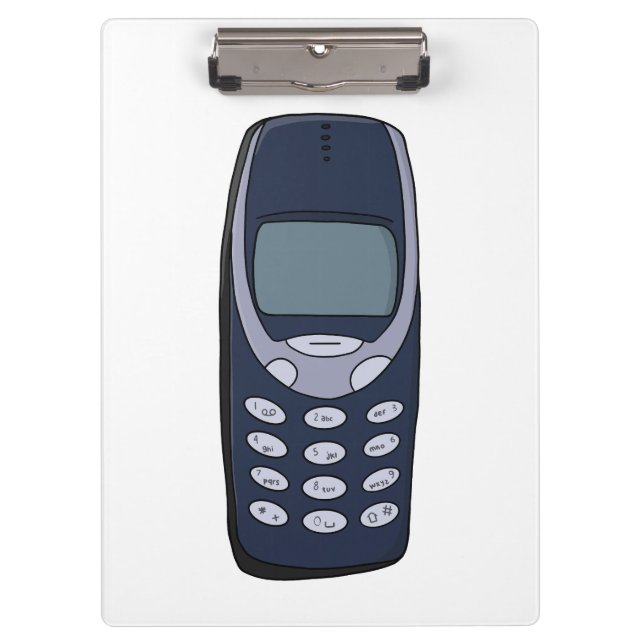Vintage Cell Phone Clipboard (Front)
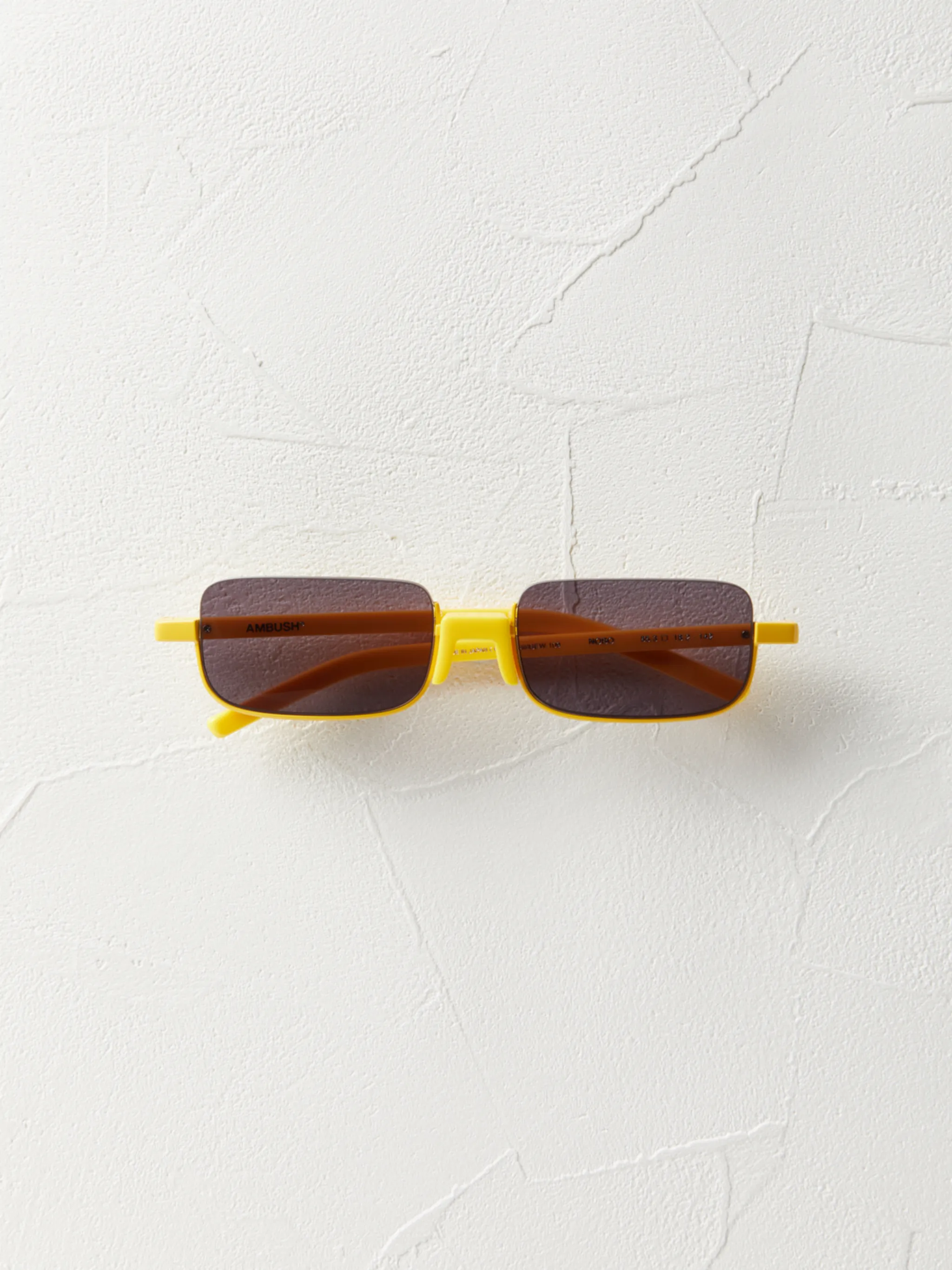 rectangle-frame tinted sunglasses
• • • • •
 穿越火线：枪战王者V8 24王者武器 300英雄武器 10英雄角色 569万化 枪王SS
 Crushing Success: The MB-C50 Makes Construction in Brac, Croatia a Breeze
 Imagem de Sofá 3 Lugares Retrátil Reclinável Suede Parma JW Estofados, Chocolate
• • • • •
EXERCISE INSTRUCTIONS |
From the entries above, give again exactly the lines running from the line with "穿越火线：枪战王者V8 24王者武器 300英雄武器 10英雄角色 569万化 枪王SS" to the line with "Imagem de Sofá"; include both of those lines.

REPLY |
 穿越火线：枪战王者V8 24王者武器 300英雄武器 10英雄角色 569万化 枪王SS
 Crushing Success: The MB-C50 Makes Construction in Brac, Croatia a Breeze
 Imagem de Sofá 3 Lugares Retrátil Reclinável Suede Parma JW Estofados, Chocolate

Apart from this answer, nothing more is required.